EXERCISE GOAL: With pictures left out, please repeat word for word the lines from the one containing "China Pu+plastic+metal 90" through the end of the records.

Stored data:

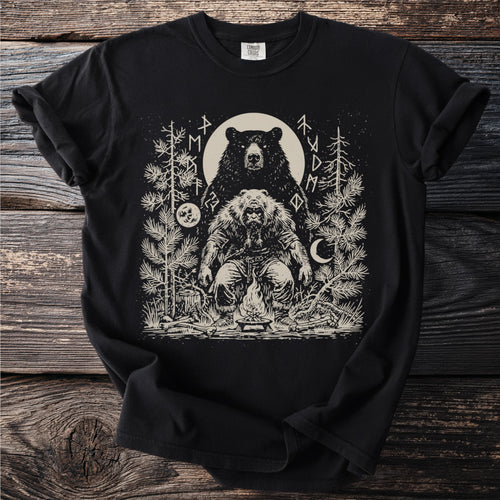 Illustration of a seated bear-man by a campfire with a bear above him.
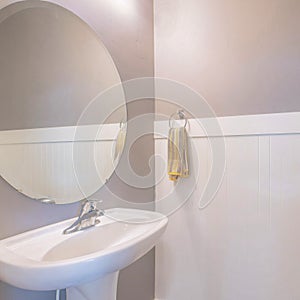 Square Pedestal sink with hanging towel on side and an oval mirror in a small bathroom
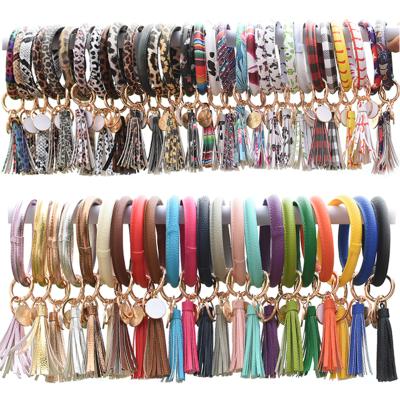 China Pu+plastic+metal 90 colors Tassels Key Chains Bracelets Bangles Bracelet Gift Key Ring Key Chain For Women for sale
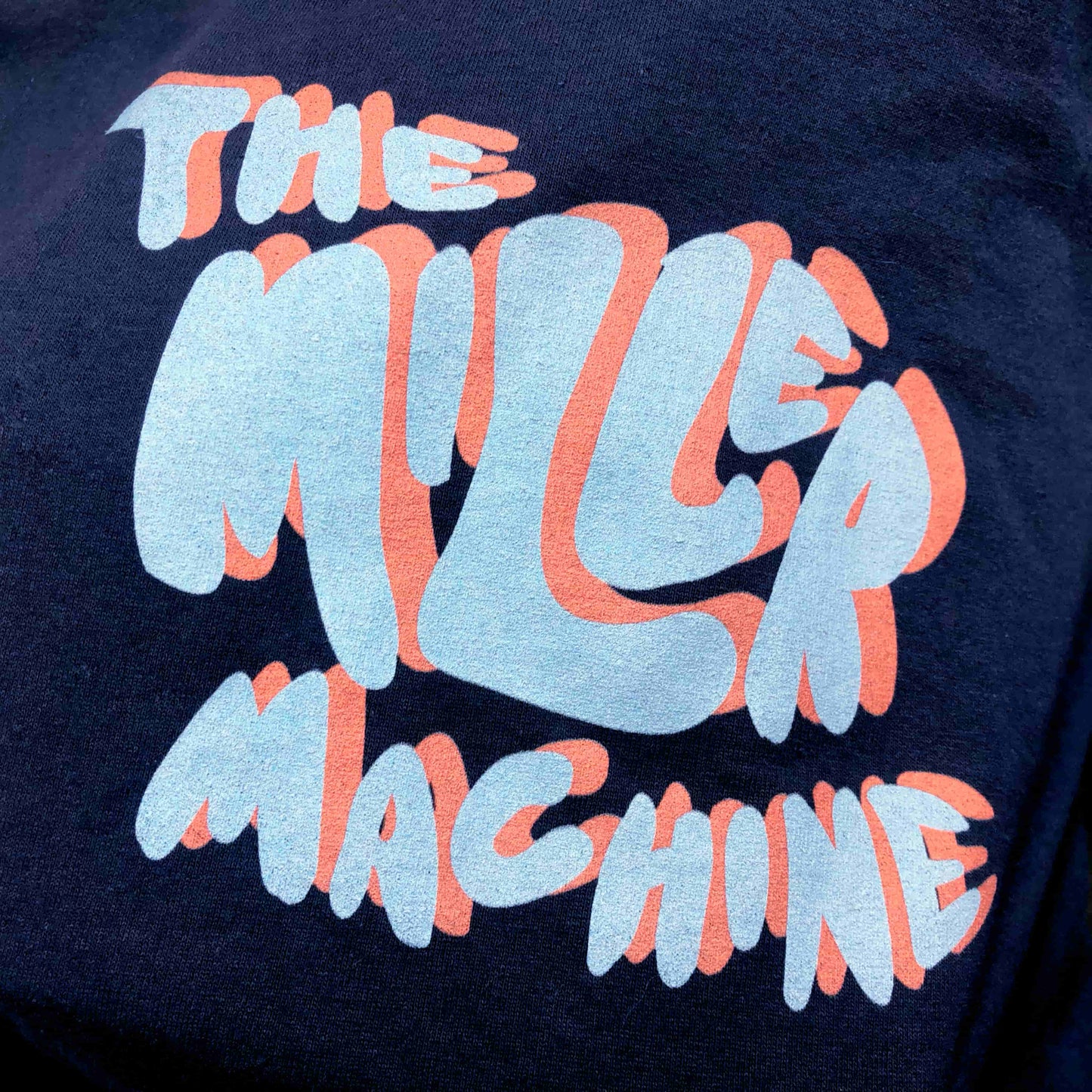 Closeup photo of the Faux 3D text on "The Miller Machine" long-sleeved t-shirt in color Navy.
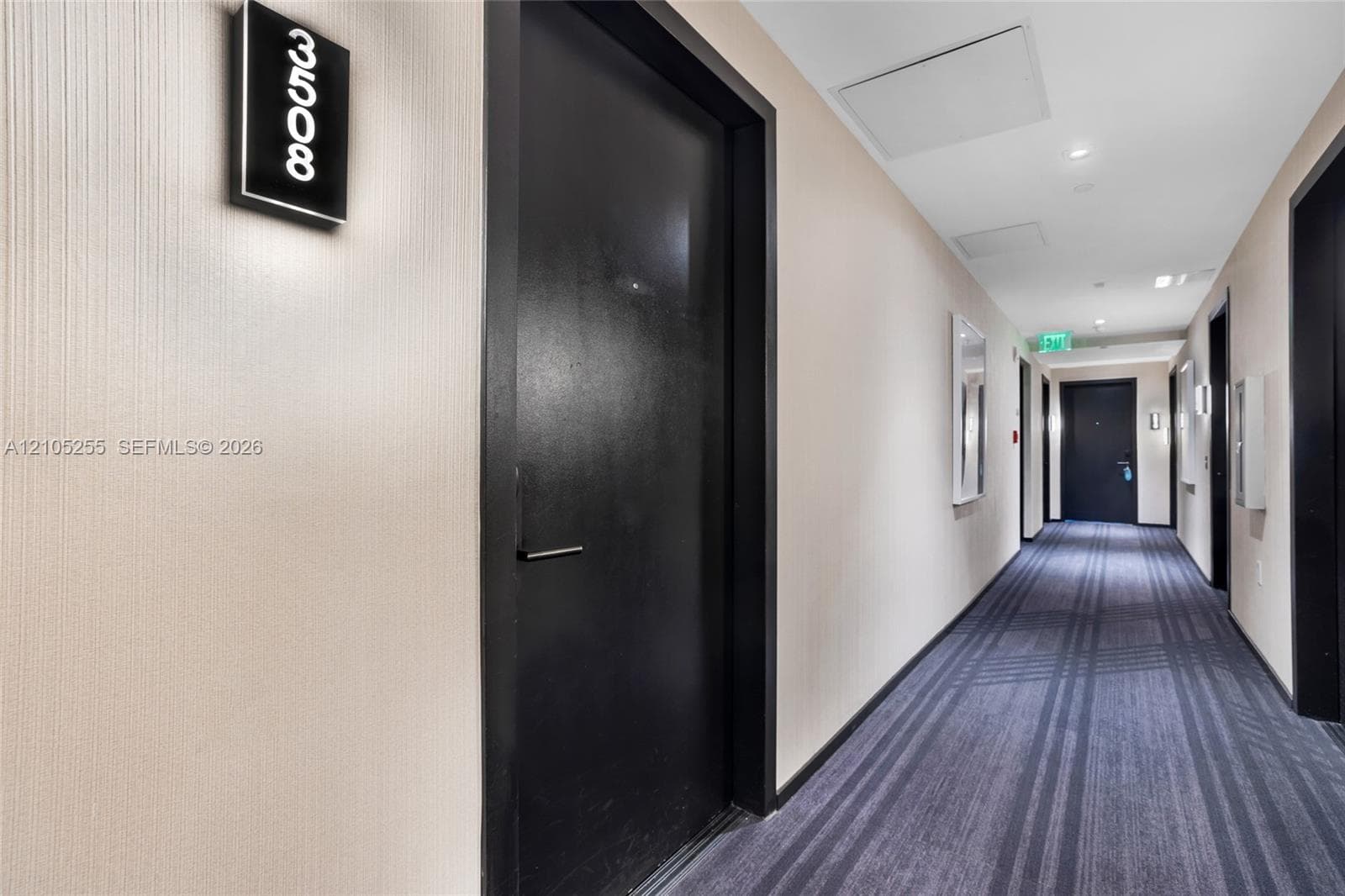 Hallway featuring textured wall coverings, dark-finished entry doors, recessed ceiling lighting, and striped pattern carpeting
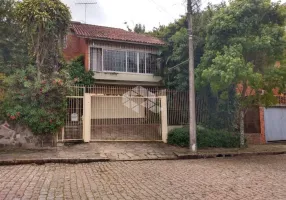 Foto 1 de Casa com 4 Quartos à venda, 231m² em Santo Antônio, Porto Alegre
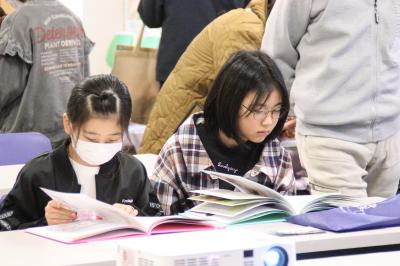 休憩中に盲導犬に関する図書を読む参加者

TASK OUTPUT:
 China Pu+plastic+metal 90 colors Tassels Key Chains Bracelets Bangles Bracelet Gift Key Ring Key Chain For Women for sale
 Closeup photo of the Faux 3D text on "The Miller Machine" long-sleeved t-shirt in color Navy.
 Hallway featuring textured wall coverings, dark-finished entry doors, recessed ceiling lighting, and striped pattern carpeting
 Foto 1 de Casa com 4 Quartos à venda, 231m² em Santo Antônio, Porto Alegre
 休憩中に盲導犬に関する図書を読む参加者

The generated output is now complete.